第71話 どうやら僕の性別が知りたいようだね。ならば答えよう! 僕は♂であると!

 ホームに来て16日目の朝、恭介は目を覚ました。


 今日も隣には麗華が寝ていた。


 麗華は第1回デスゲームが終わって以来、恭介の隣だと安心して眠れるからと言って恭介のベッドに潜り込むようになっていた。
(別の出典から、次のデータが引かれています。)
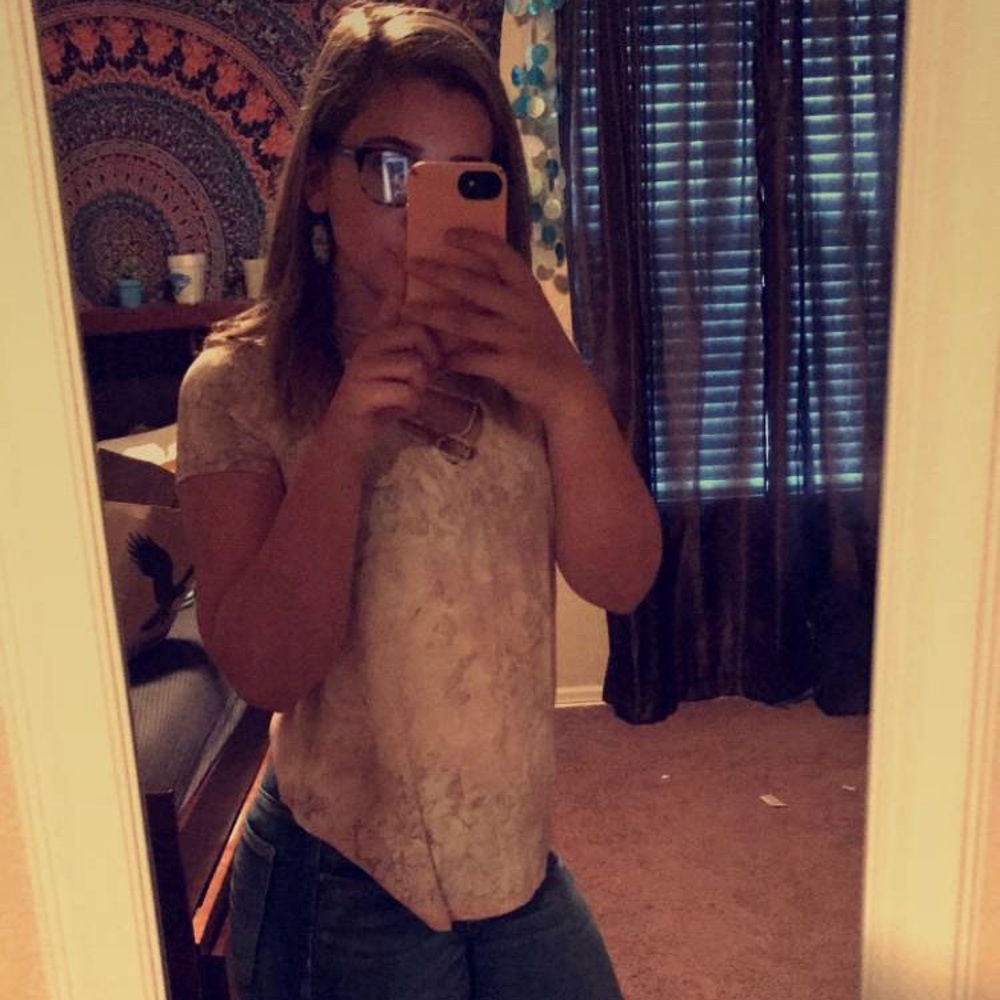 Meet your Posher, Gracie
 精神的に完全復活していない以上、麗華に折れられては困るから恭介は麗華の隙にさせている。


 麗華も恭介が目を覚ました振動で起きたらしく、目を開けて眠い目を擦った。


「おふぁよ~」


「おはよう」


 2人は顔を洗って着替えた後、食堂に移動した。


 第2回デスゲーム当日だというのに、昨日と特に変わらない朝を迎えたことが気になって恭介は食堂のモニターに向かって声をかける。


「フォルフォル、デスゲームは始まったんだよな?」


『始まったね。今はチュートリアルが終わって2期パイロット達は寝てるよ』


「チュートリアルだったから俺達はスキップしたってことか?」


『そゆこと。1期の君達はギフトレベルの上限が20になったよ。恭介君の場合、レベル10の状態でかなり経験値を溜め込んでたみたいだから、既にLv13になってるね』


 (ギフトレベルで1期のパイロットに優位性があるのか)


 それは恭介や麗華にとって嬉しいことであると同時に、E国のマーリンとF国のムッシュが強くなることでもあった。


 マーリンとムッシュは第3回代理戦争で警戒すべきと判断しつつ、恭介はドラキオンを操縦できる時間が78分になったことを喜んだ。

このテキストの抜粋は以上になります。